→ **Action item**
The line that contains "Model Y 2024 rear-wheel drive version — 9" marks the start. Please set it down, with every later line of the data, exactly and without pictures.

→ **Material provided**
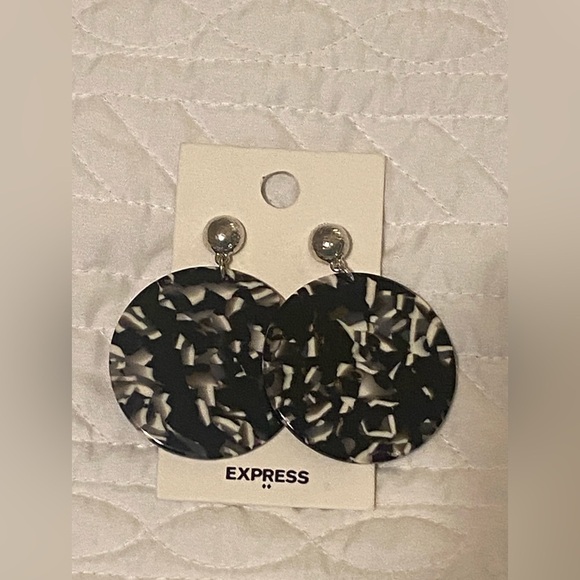 Express Jewelry - Express Earrings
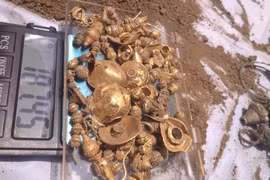 Trúng kho báu bạc tỷ khi đào móng xây nhà 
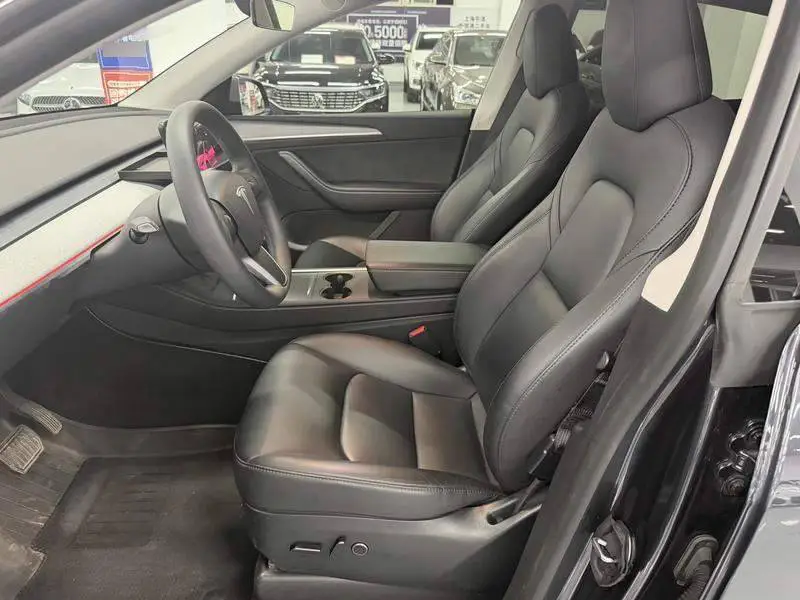 Model Y 2024 rear-wheel drive version — 9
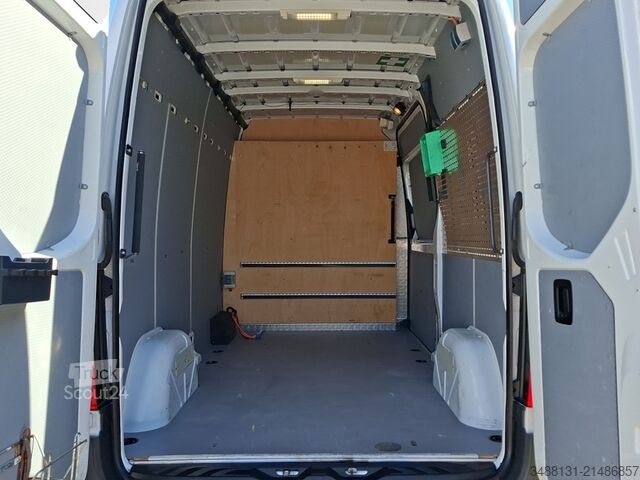 Panelová dodávka Mercedes-Benz SPRINTER 314 L2H2 KLIMA AHK KAMERA STDHZG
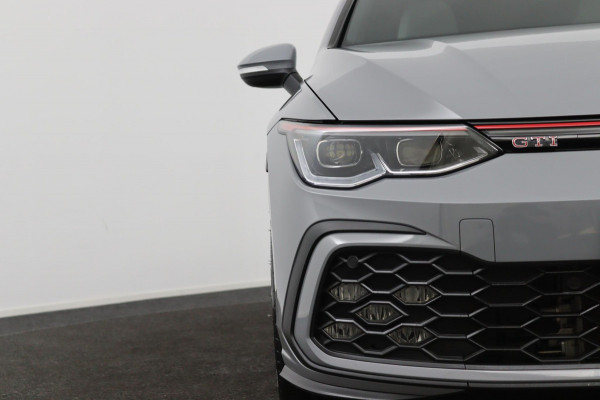 Volkswagen Golf GTI*PANO*LEDER*STOEL VENT.*H/K*ELEK.HAAK*ACC*CAM* Volkswagen Golf GTI*PANO*LEDER*STOEL VENT.*H/K*ELEK.HAAK*ACC*CAM*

→ **Solution below**
 Model Y 2024 rear-wheel drive version — 9
 Panelová dodávka Mercedes-Benz SPRINTER 314 L2H2 KLIMA AHK KAMERA STDHZG
 Volkswagen Golf GTI*PANO*LEDER*STOEL VENT.*H/K*ELEK.HAAK*ACC*CAM* Volkswagen Golf GTI*PANO*LEDER*STOEL VENT.*H/K*ELEK.HAAK*ACC*CAM*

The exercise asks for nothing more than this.